Problem:
Copy out exactly the lines spanning the line with "Bedtime Sleep Moon Duvet Cover Set" to the line with "Maple Caramel Florals", inclusive, from the data underneath, with no pictures.

Working data:
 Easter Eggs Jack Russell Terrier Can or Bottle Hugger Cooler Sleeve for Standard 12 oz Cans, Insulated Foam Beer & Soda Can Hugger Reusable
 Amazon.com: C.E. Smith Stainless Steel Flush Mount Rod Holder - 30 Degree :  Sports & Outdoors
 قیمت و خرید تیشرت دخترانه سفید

* * *

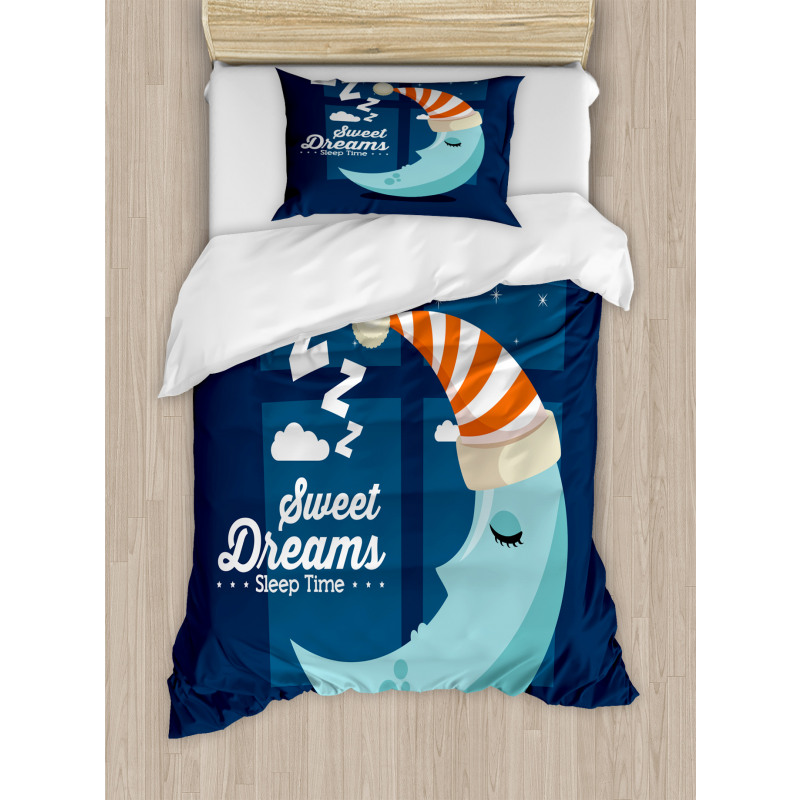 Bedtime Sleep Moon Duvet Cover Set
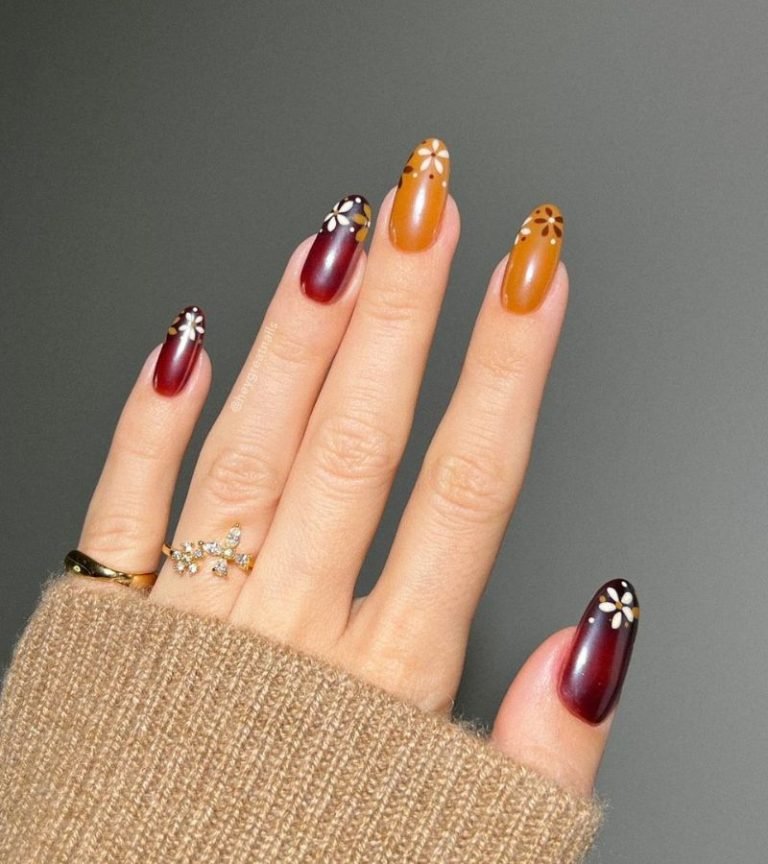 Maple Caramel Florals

* * *

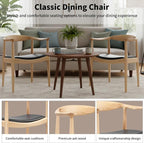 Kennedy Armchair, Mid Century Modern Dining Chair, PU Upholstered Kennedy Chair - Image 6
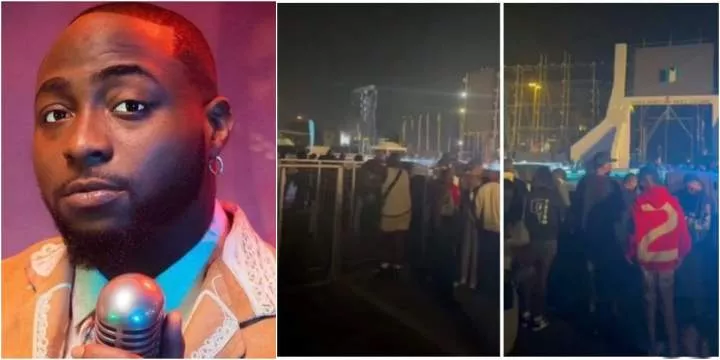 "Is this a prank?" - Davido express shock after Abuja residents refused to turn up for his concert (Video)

Answer for the task:
 Bedtime Sleep Moon Duvet Cover Set
 Maple Caramel Florals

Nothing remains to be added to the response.